Forward/outward-opening door on port side immediately aft of flight deck; forward/outward-opening passenger door on port side aft of wing; inward-opening emergency exit opposite each door on starboard side. Additional emergency exit in roof of forward main cabin. Two-section underfuselage loading ramp/door aft of main cabin can be opened in flight for discharge of paratroops or cargo, and can be fitted with optional external wheels for door protection during ground manoeuvring. Interior of rear-loading door can be used for additional baggage stowage in civil version. Entire accommodation heated and ventilated; air conditioning optional.
SYSTEMS: Freon cycle or (on special mission versions) engine bleed air air conditioning system optional. Hydraulic system, operating at service pressure of 138 bar (2,000 lb/sq in), provides power via electric pump to actuate mainwheel brakes, flaps, nosewheel steering and rear cargo ramp/door. Hand pump for standby hydraulic power in case of electrical failure or other emergency. Electrical system supplied by two 9 kW starter/generators, three batteries and three static converters. Pneumatic boot and engine bleed air de-icing of wing and tail unit leading-edges; electric de-icing of propellers and windscreens. Oxygen system for crew (including cabin attendant); two portable oxygen cylinders for passenger supply. Engine and cabin fire protection systems.
AVIONICS: Comms: Rockwell Collins VHF, ATC transponder, intercom and PA system standard; ELT; Rockwell Collins HF, UHF and second transponder, and Fairchild CVR optional.

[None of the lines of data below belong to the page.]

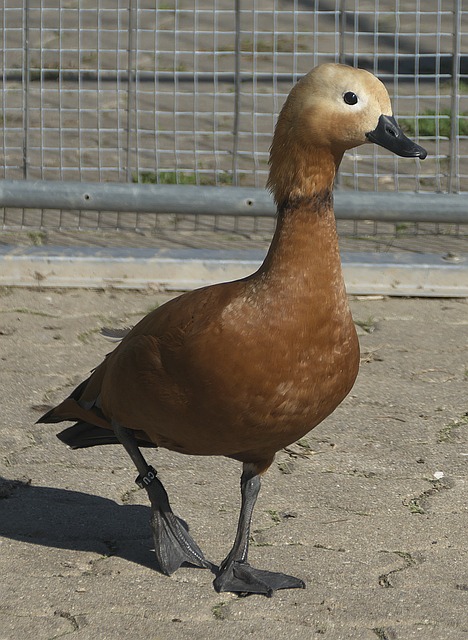 来实现综合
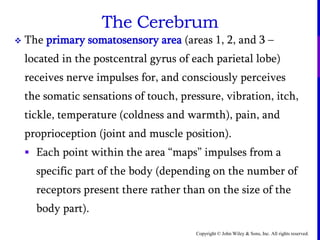 Copyright © John Wiley & Sons, Inc. All rights reserved.
The Cerebrum
 The primary somatosensory area (areas 1, 2, and 3 –
located in the postcentral gyrus of each parietal lobe)
receives nerve impulses for, and consciously perceives
the somatic sensations of touch, pressure, vibration, itch,
tickle, temperature (coldness and warmth), pain, and
proprioception (joint and muscle position).
 Each point within the area “maps” impulses from a
specific part of the body (depending on the number of
receptors present there rather than on the size of the
body part).
 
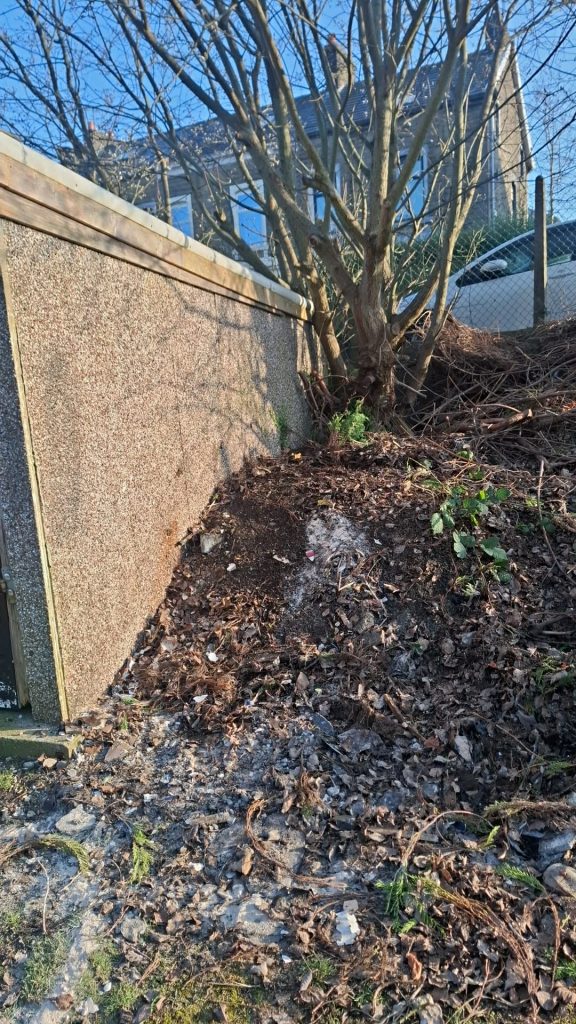 Waste Clearance Ewood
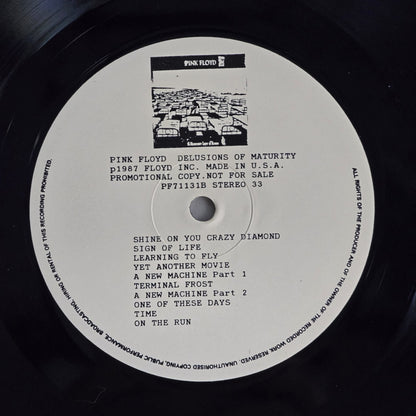 Pink Floyd - Delusions of Maturity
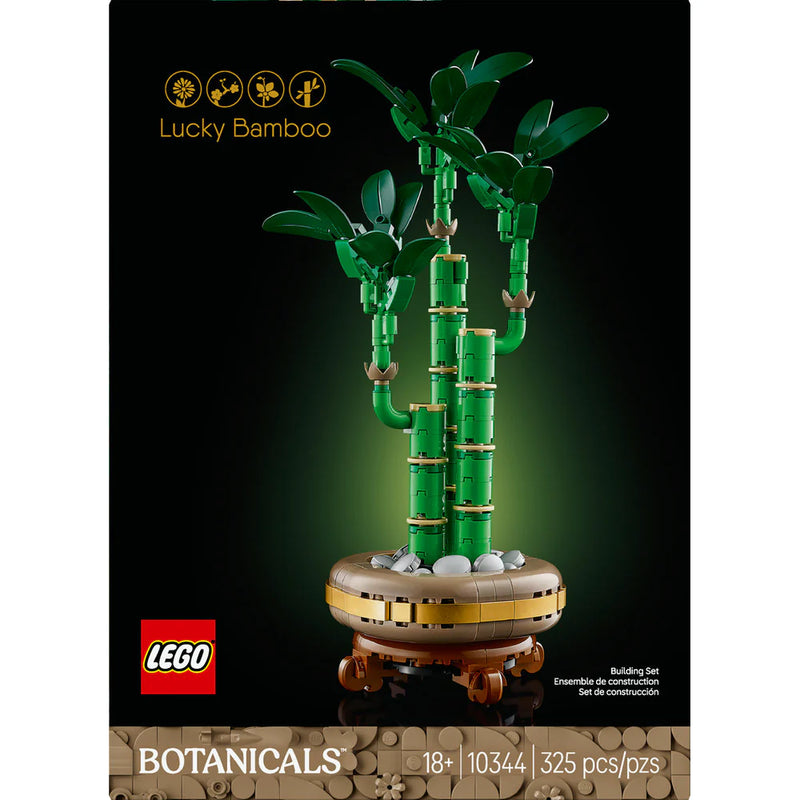 Lucky Bamboo 10344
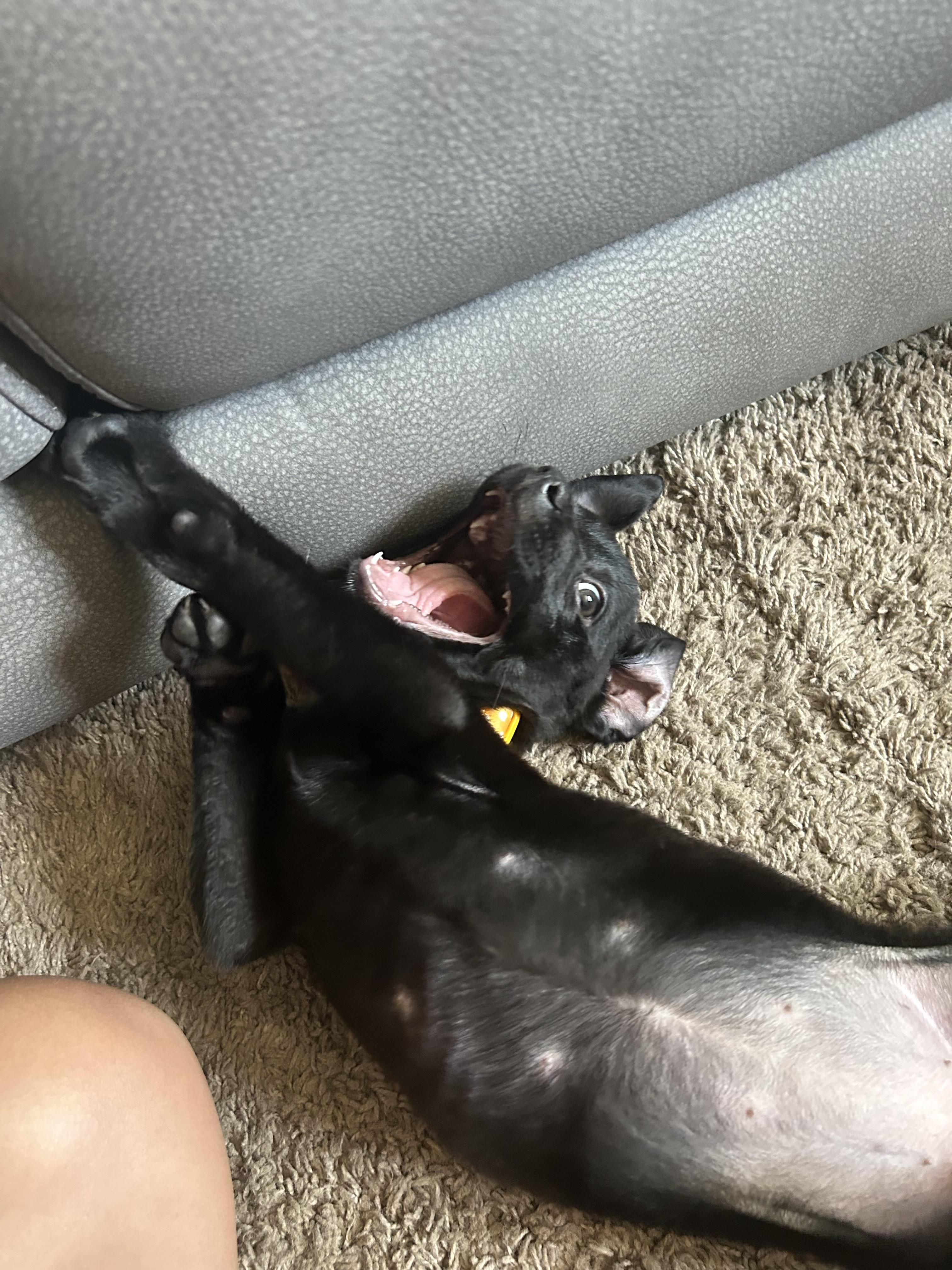 Enlarge Flower Power Litter <3, a Adopted mixed breed in Lincoln Park, MI image 5/6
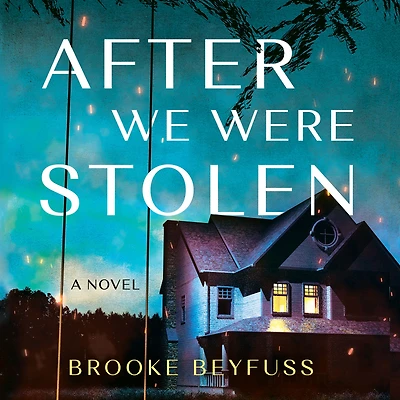 After We Were Stolen: A Novel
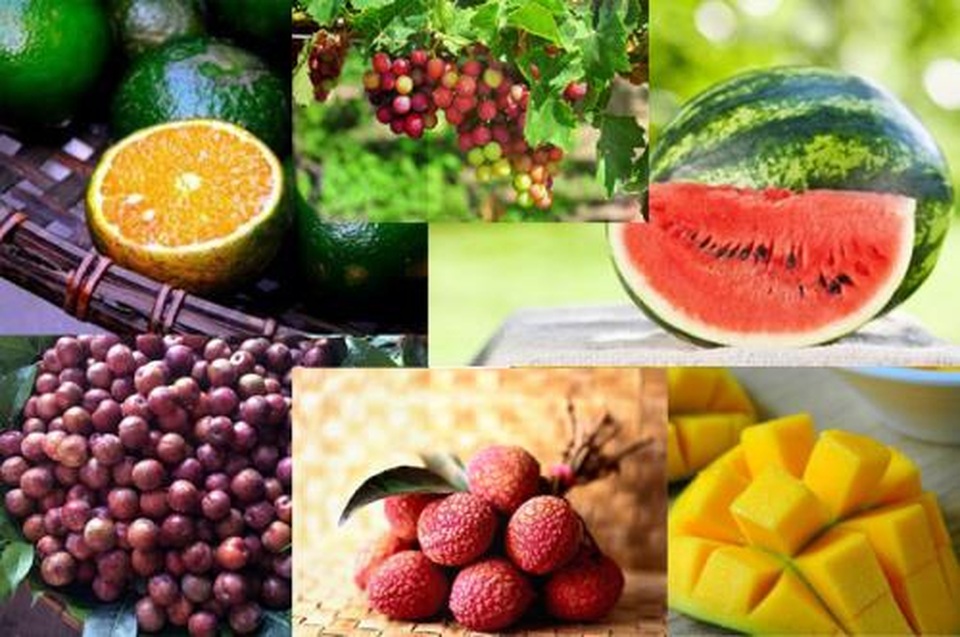 Ăn hoa quả như thế nào để tốt cho cơ thể? - 2 Ăn hoa quả như thế nào để tốt cho cơ thể? - 2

Radar: Honeywell weather radar standard. RDR-1500B search radar in ventral radome on Patrullero versions.
Flight: Rockwell Collins VOR/ILS, ADF, DME and radio altimeter, and Honeywell AFCS and directional gyro, standard; second Rockwell Collins ADF, Global Omega nav, Dorne & Margolin marker beacon receiver and Fairchild flight data recorder optional. Flight management system (FMS) incorporates VOR, ADF, DME and GPS nav receiver.
Instrumentation: EFIS with four CRTs; IEDS (integrated engine data system) with two colour LCDs. Blind-flying instrumentation standard.
EQUIPMENT: 1,000 kg (2,205 lb) capacity cargo winch optional.
ARMAMENT (military versions, optional): Two machine gun pods or two rocket launchers, or one launcher and one gun pod, on hardpoints on fuselage sides (capacity 250 kg; 551 lb each).